Mehmet Faraç / Yeniçağ
Etkinliklerin yüksek katılımlı, coşkulu ve sorunsuz geçmesi, geçen yıl yaşanan aksaklığı da silmiş oldu...
Antalya Büyükşehir Belediyesi ile Altın Portakal Başkanı Muhittin Böcek, festival idari direktörü Cansel Tuncer, Festival sanat direktörü Deniz Yavuz, Kültür ve Sosyal İşler Daire Başkanı Okan Yavuz ve mali- idari işler müdürü Aydil Nalan Borak ile tüm festival ekibi etkinliklerin sorunsuz ve güzel geçmesi için yoğun çaba harcadılar.
Antalya Büyükşehir Belediye Başkanı, CHP'li Muhittin Böcek, festivalin açılışında olduğu gibi, ödül töreninde de sinemanın nasıl vazgeçilmez bir sanat dalı olduğuna ve Antalya için önemine vurgu yaparken, sektöre destek vermekten mutlu olduklarını söyledi...
Antalya'nın sinema şehri olması için çalışmalara devam edeceklerini belirten Muhittin Böcek, Altın Portakal ödül töreninde şunları söyledi;
"Biz Antalya Büyükşehir Belediyesi olarak, kültür ve sanatın onurlu bir yaşam hakkının parçası olduğunu düşünüyor, kültür ve sanat politikalarımıza bu anlayış doğrultusunda yön veriyoruz.
Sinemanın sadece bir izleyiciyi değil, toplumları, şehirleri, ülkeleri değiştirdiğini, geliştirdiğini hepimiz çok iyi biliyoruz.
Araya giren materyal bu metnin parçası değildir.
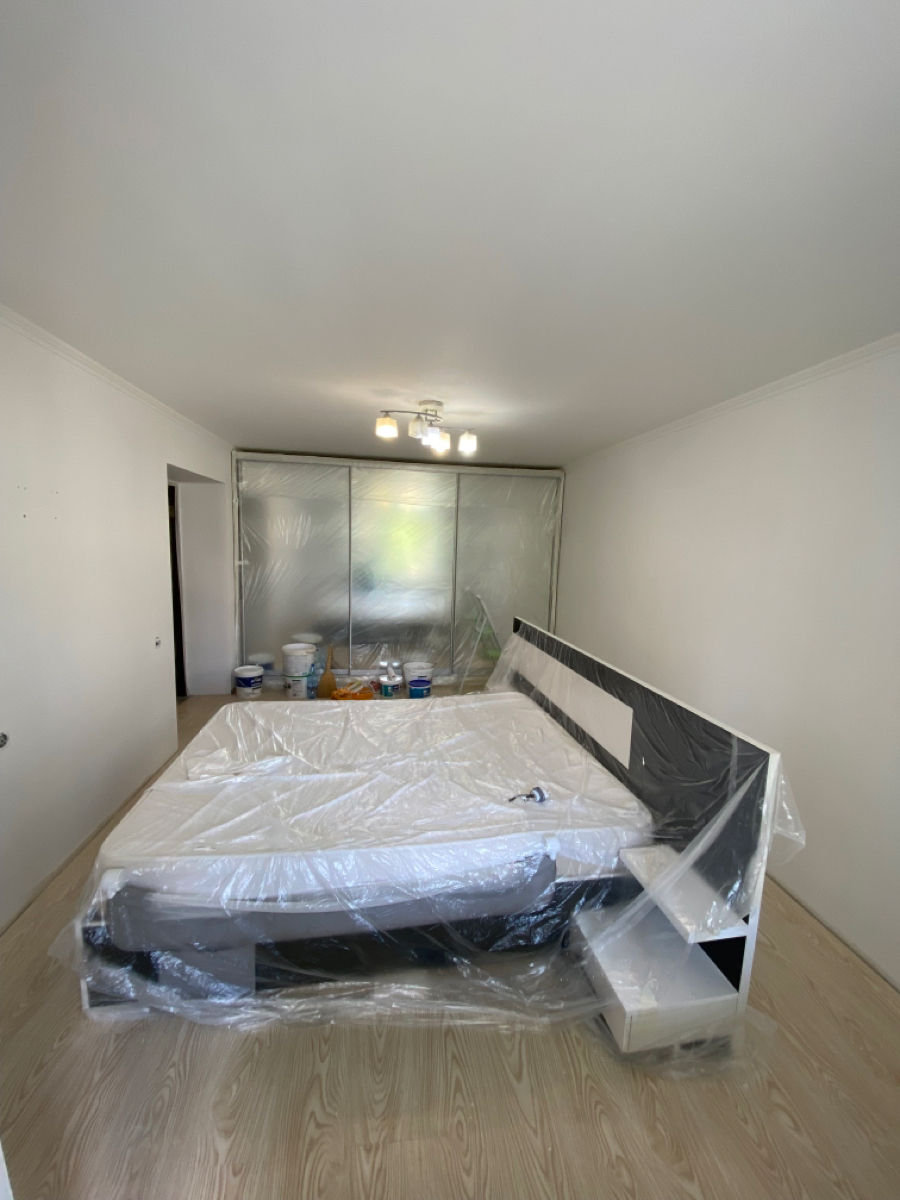 Reparatie cosmetica si capitala foto 2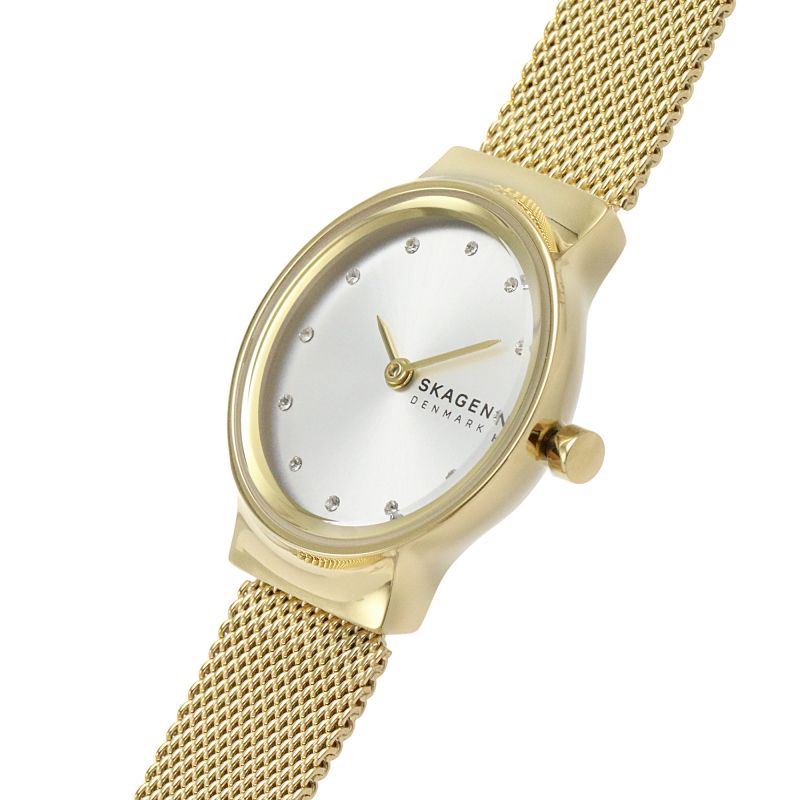 SKAGEN Freja Lille 26mm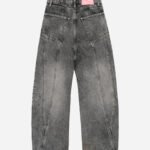 Amoses Gear Pant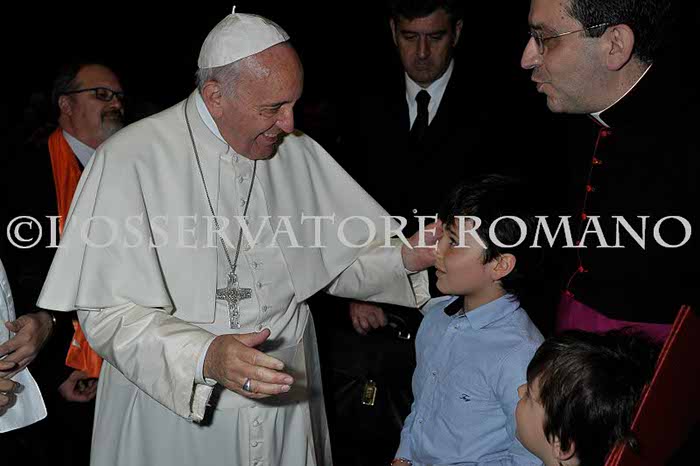 %_tempFileName03831_30042015%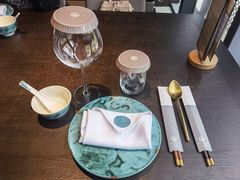 -大拙里·精致融合菜(沙湖桃源国际店)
Festivalimiz de bu bakımdan Antalya’mızın en büyük marka değerlerinden biridir. İlk kez aldığımız bir kararı da açıklıyoruz.
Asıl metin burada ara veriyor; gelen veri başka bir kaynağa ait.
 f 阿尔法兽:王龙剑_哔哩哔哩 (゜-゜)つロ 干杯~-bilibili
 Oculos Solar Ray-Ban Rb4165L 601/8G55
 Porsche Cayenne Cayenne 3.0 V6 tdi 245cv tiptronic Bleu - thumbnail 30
Sinema Eser Sahipleri Federasyonu ile yapmış olduğumuz görüşmeler neticesinde, festivalimizde gösterime giren tüm film sahiplerinin telif haklarını ödeyeceğiz. Sinema emekçilerimize hayırlı uğurlu olsun."
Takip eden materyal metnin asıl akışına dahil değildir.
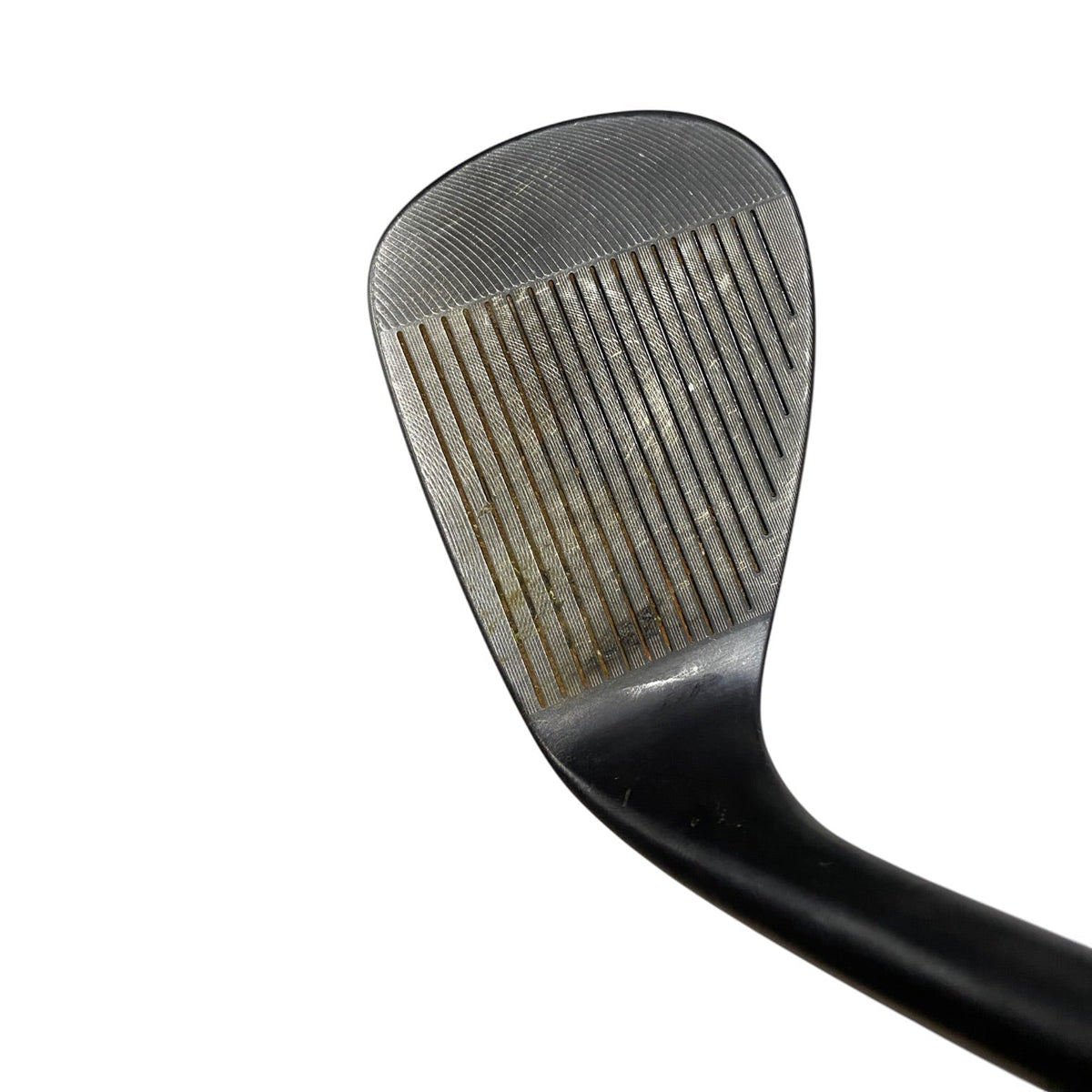 Cleveland RTX Zipcore Mid 52º-10º Wedge (Pre Owned)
Başkan Muhittin Böcek, ayrıca 62. Uluslararası Antalya Altın Portakal Film Festivali'nin 7-16 Kasım 2025 tarihleri arasında yapılacağını da dile getirdi.
FESTİVALDE İZLEYİCİ İZDİHAMI...
Altın Portakal Film Festivali geçtiğimiz yıllara oranla bu yıl sinema severlerin daha çok ilgisini çekti.
Bunda elbette ünlüleri görmek için salonlara koşanlar da etkili oldu...
Film gösterimlerinin yapıldığı salonların önünde izdiham yaşandı, kuyruklar salonlardan dışarı taştı, sinema severler hem filmlere, hem de filmleri ile yarışan oyunculara büyük ilgi gösterdi...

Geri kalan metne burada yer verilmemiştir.